Ultimately, communication is a two way street. Sometimes we think we’re making sense, when the person we’re talking to has no idea what we’re saying. It may be cultural barriers, or it may be because we’re just not being clear. Because everyone’s different, it’s important that you know when the person you’re talking to doesn’t understand, so that you can try to explain things better. This means that, depending on the situation and the people involved, your methods of communication will have to change. Most of the time, however, it is better to be straightforward than to be vague.
It’s better to just say what you mean.
Three Steps to Being a Better Communicator
The first step to useful communication is to connect. This could be as simple as making the first move by sending an email or making a phone call. On a deeper level, making a connection has more to do with finding things in common. In the professional world, this means stating very clearly how your purpose in contacting them is related to what they do. To make this connection is very important. You might get into a situation where it seems like beating around the bush is more polite, but it can often lead to the other person missing the point completely. People respond much more quickly to direct, yet tactful lines of reason than they do inarticulate rambling.
What if taking an assertive stance just feels like the most difficult social situation you can think of? There are ways to get around the nerves. First of all, breathe. Often when people get into stressful situations–as can be the case when trying to get something you want from people you think don’t want to give it to you–they forget to breathe.

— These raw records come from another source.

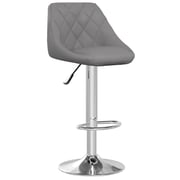 Vidaxl Bar Stools 2 Pcs Grey Faux Leather Vidaxl Bar Stools 2 Pcs Grey Faux Leather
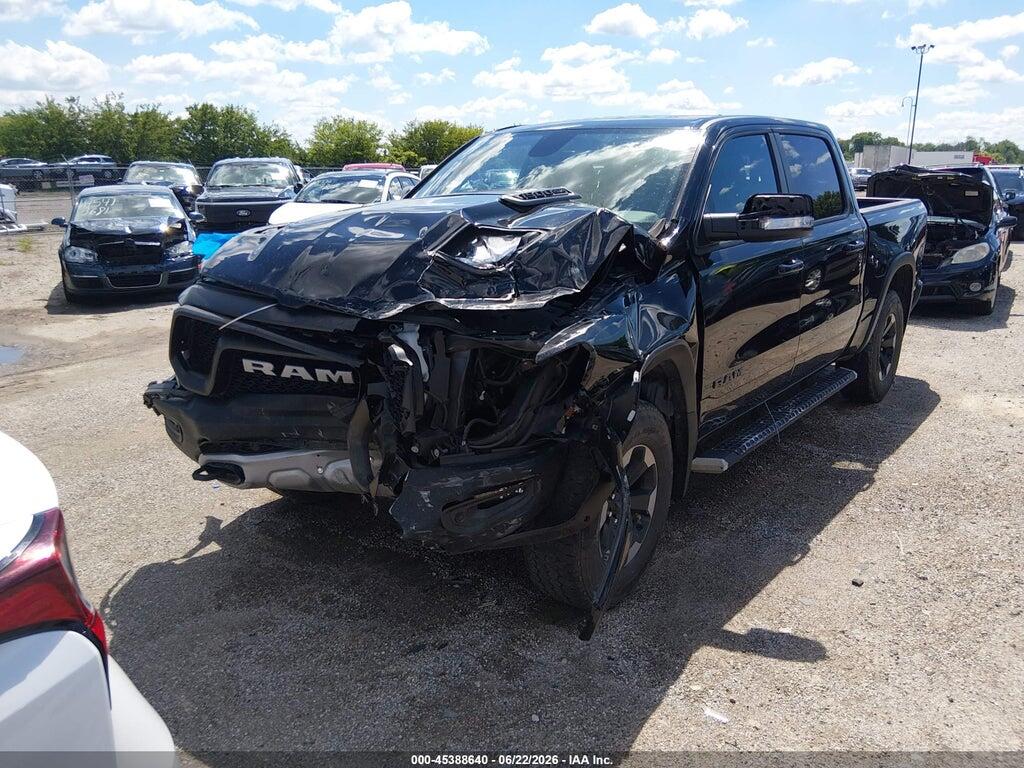 1C6SRFLT7KN537310 2019 RAM 1500 photo no. 2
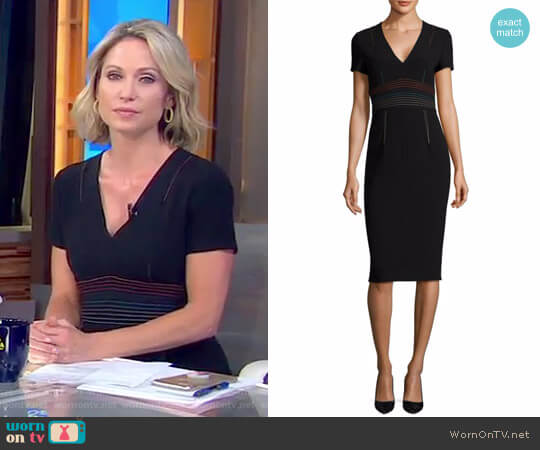 Diane von Furstenberg V-Neck Tailored Dress worn by Amy Robach on Good Morning America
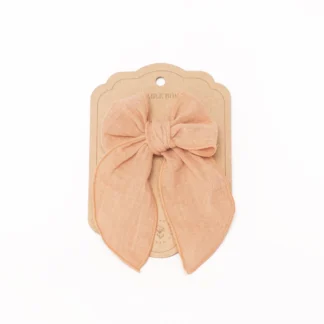 Mrs Ertha Κλιπ με φιόγκο Blush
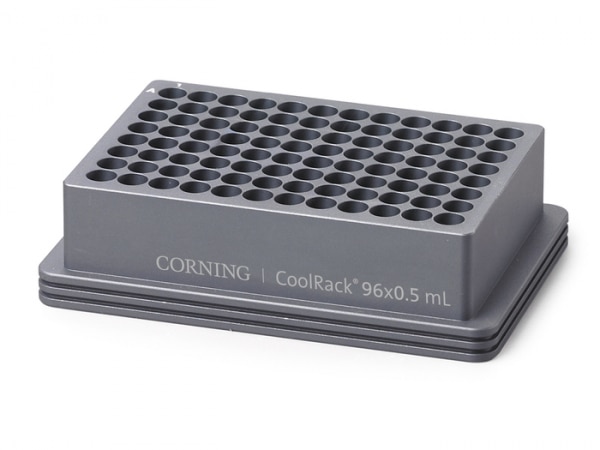 Corning® CoolRack 96×0.5mL, Holds 96 x 0.5mL 2D Tubes - P659-432056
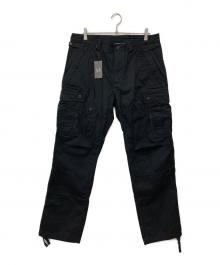 ARMANI EXCHANGE（アルマーニ エクスチェンジ）の古着「ギミックパンツ」｜ブラック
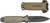 SOG Knife Pentagon FX Covert 3.41" Double Edge Blade FDE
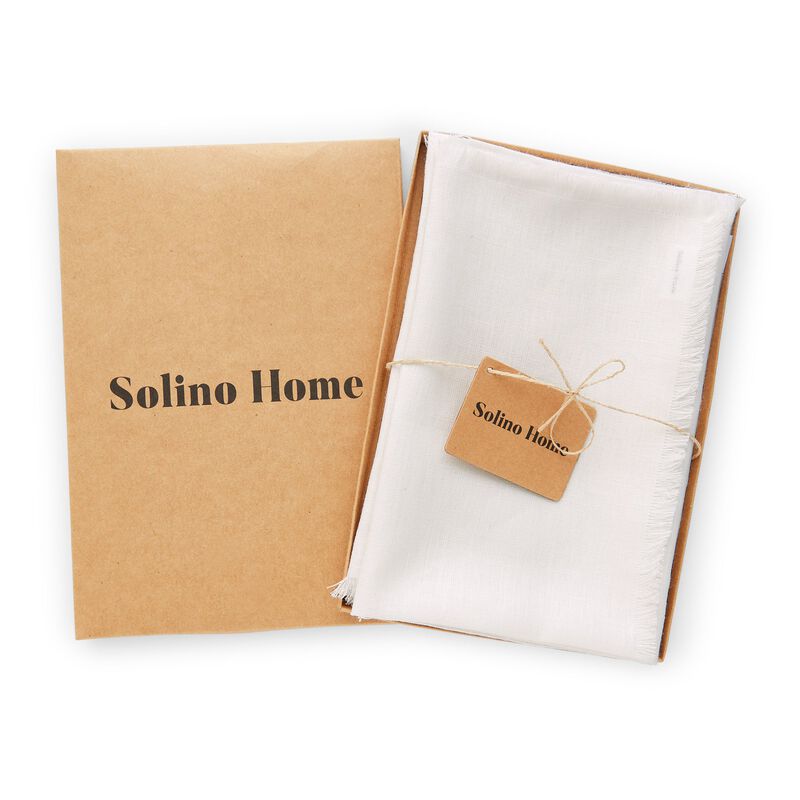 Linen Dinner Napkins - Fringe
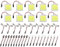 A ABSOPRO COB 48 LED Panneau Voiture Intérieur Lumière avec Adaptateur Blanc (Ensemble de 10)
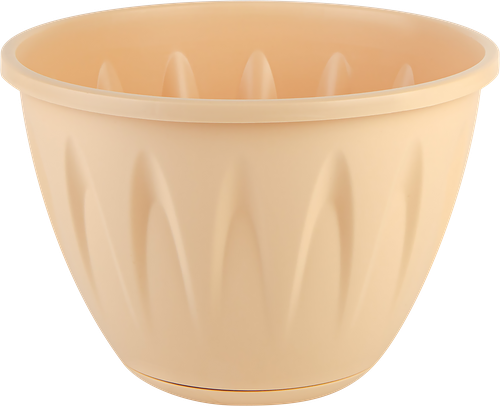 Кашпо подвесное с поддоном IDEA Алиция d=22см, цвет белая глина, Арт. М 3115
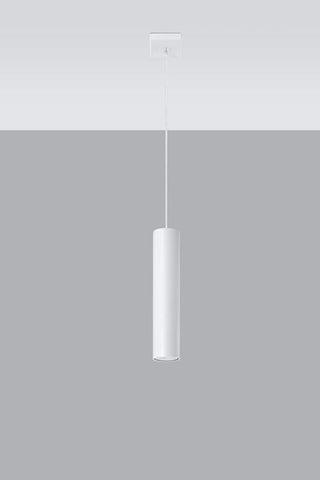 Pendant lamp LAGOS 1 White Round Tube Shape Modern Loft Design LED GU10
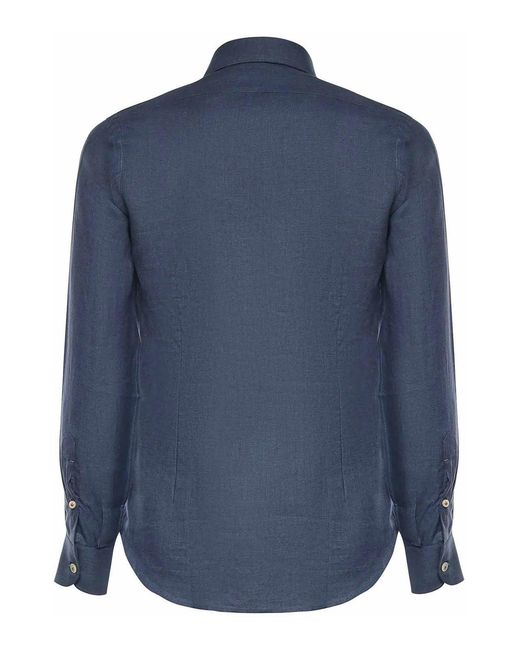 Eleventy Blue Linen Shirt for men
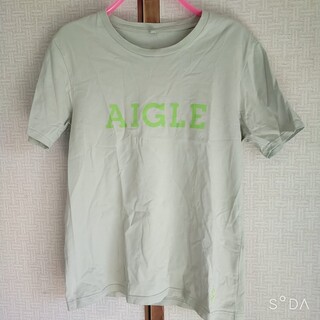 エーグル(AIGLE)のaigle エーグル T 男女兼用 グリーン(Tシャツ/カットソー(半袖/袖なし))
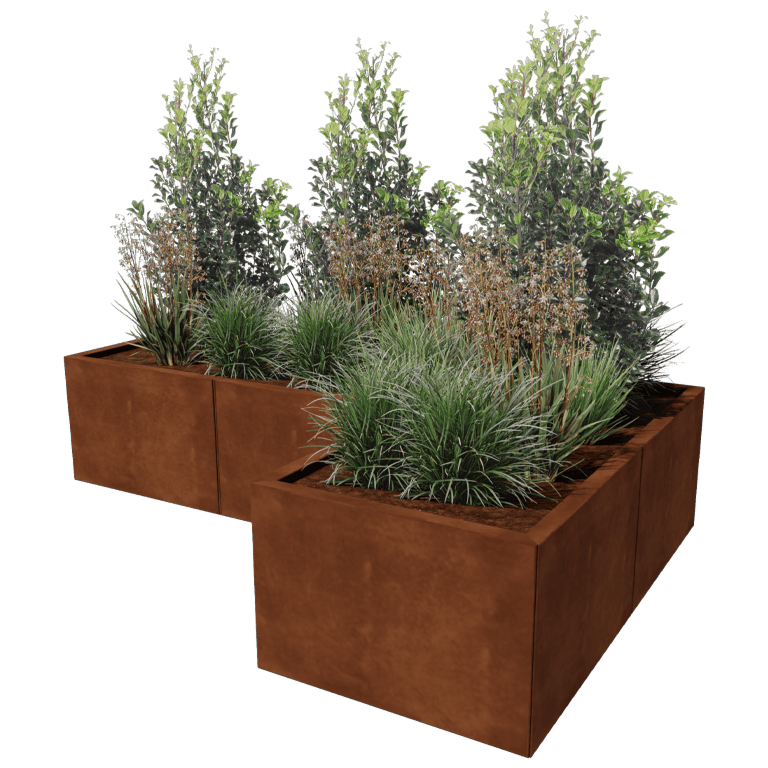 Bac à plantes en acier corten Kansas 60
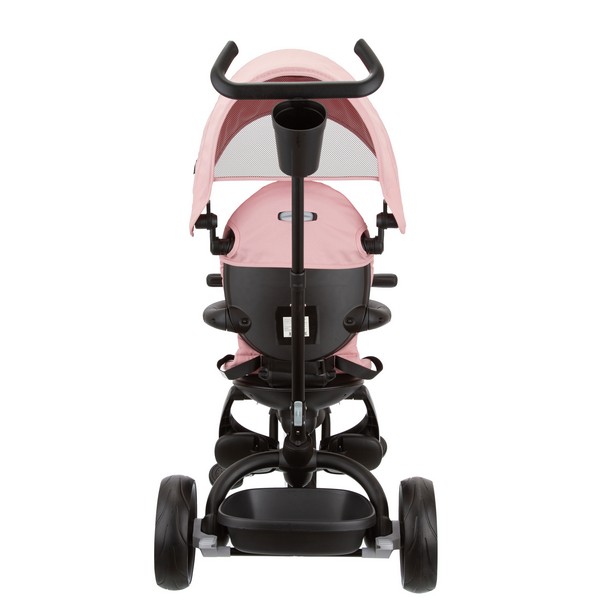 Трехколесный велосипед QPlay Prime2P (розовый) Поворотное сиденье, наклонный руль фото-4 Трехколесный велосипед QPlay Prime2P (розовый) Поворотное сиденье, наклонный руль фото-4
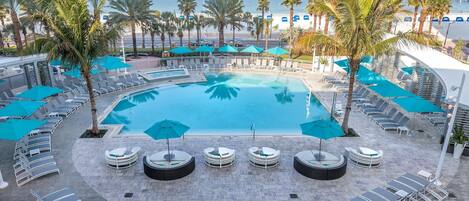 Outdoor pool, a heated pool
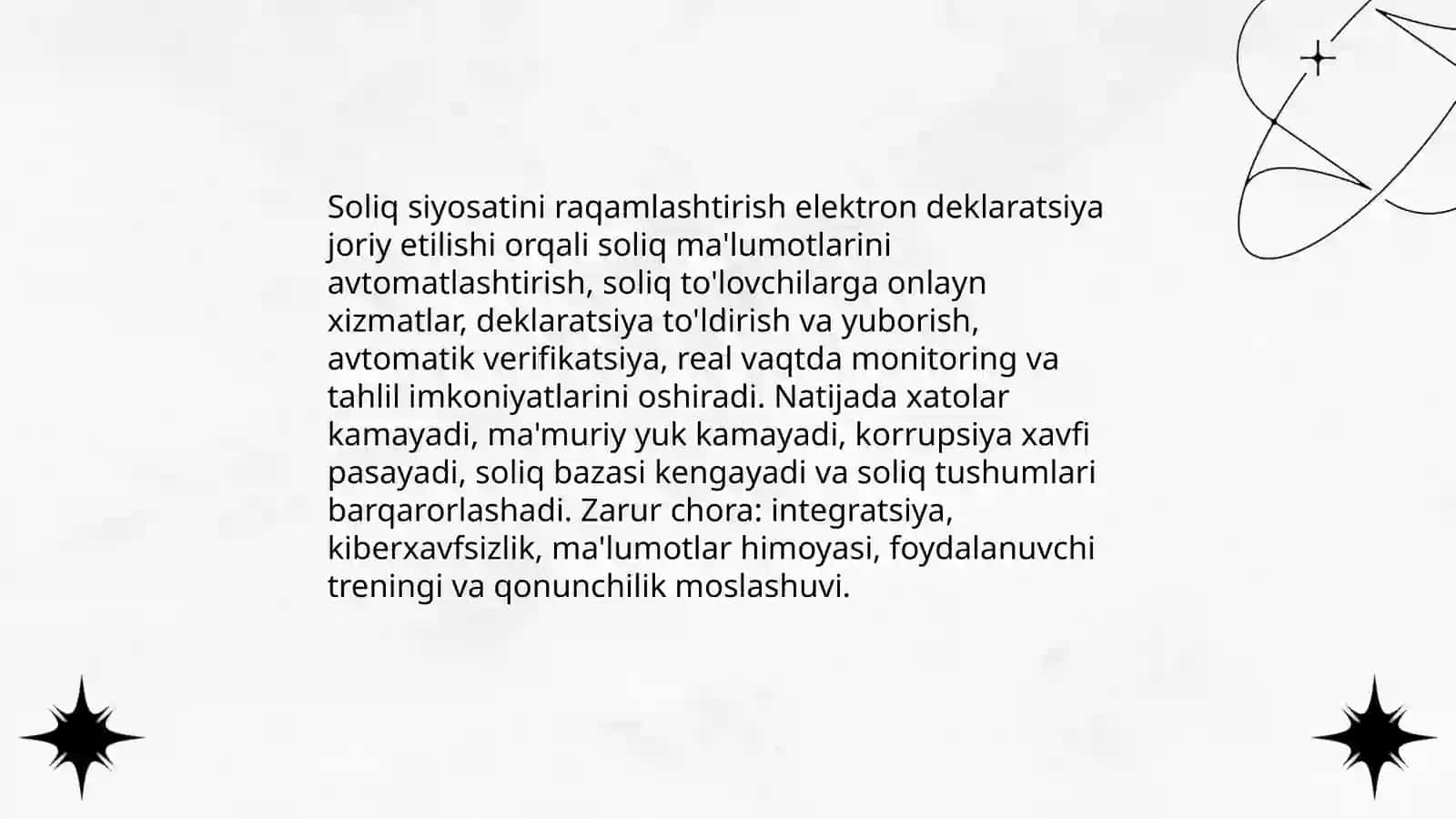 Soliq tizimini takomillashtirish masalalari 4
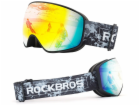 RockBros Lyžařské brýle SP284 - černá pískovaná obroučka,...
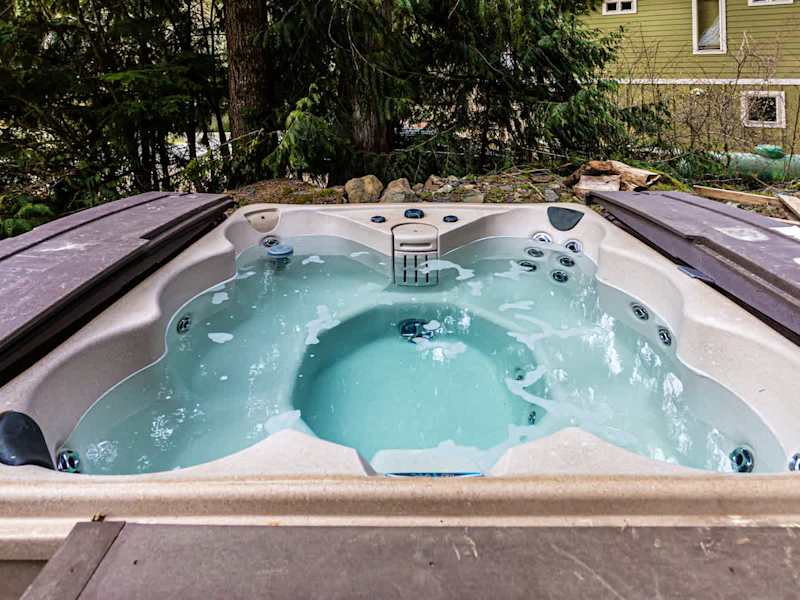 4 Person Hot Tub just off front deck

Taking in that breath eases your mind and keeps it focused on what you want to say. Secondly, practice. Even if this means practicing in front of the mirror or with your spouse, if you know that you have the tendency to get tongue-tied or to suddenly get shy, it’s beneficial to rehearse a bit beforehand. Thirdly, you want to learn the art of being concise. Some people will go on about their daughter’s Sweet 16 for an hour before they get to the real discussion about the price of a vehicle they want to buy. Others will hum-and-haw about what’s on their own calendar before asking if they can get an appointment on such and such day.
The key to getting what you want when you need it is to learn how to say it sooner rather than later. This is not to say that social interaction isn’t necessary. On the contrary! Asking someone about their day or their family could be just the opening you need to bring up a topic. At the same time, pay attention to their reaction and avoid circling around the point.
On a final note, we all know the adage, “Say what you mean and mean what you say.” This is crucial to success. If people perceive you as someone who cannot put their ideas into words, or worse, as someone who is unreliable, then you are in for a lot of trouble. It will be difficult for people to trust you, and especially if you’re in a leadership position, to follow you.
A person who is good at communicating knows how to read the situation, clearly articulates what needs to be done, avoids mixed messages and playing people off one another, and often has an easy to follow design or direction in mind. Become this kind of person by learning how to clearly and concisely put your thoughts into words.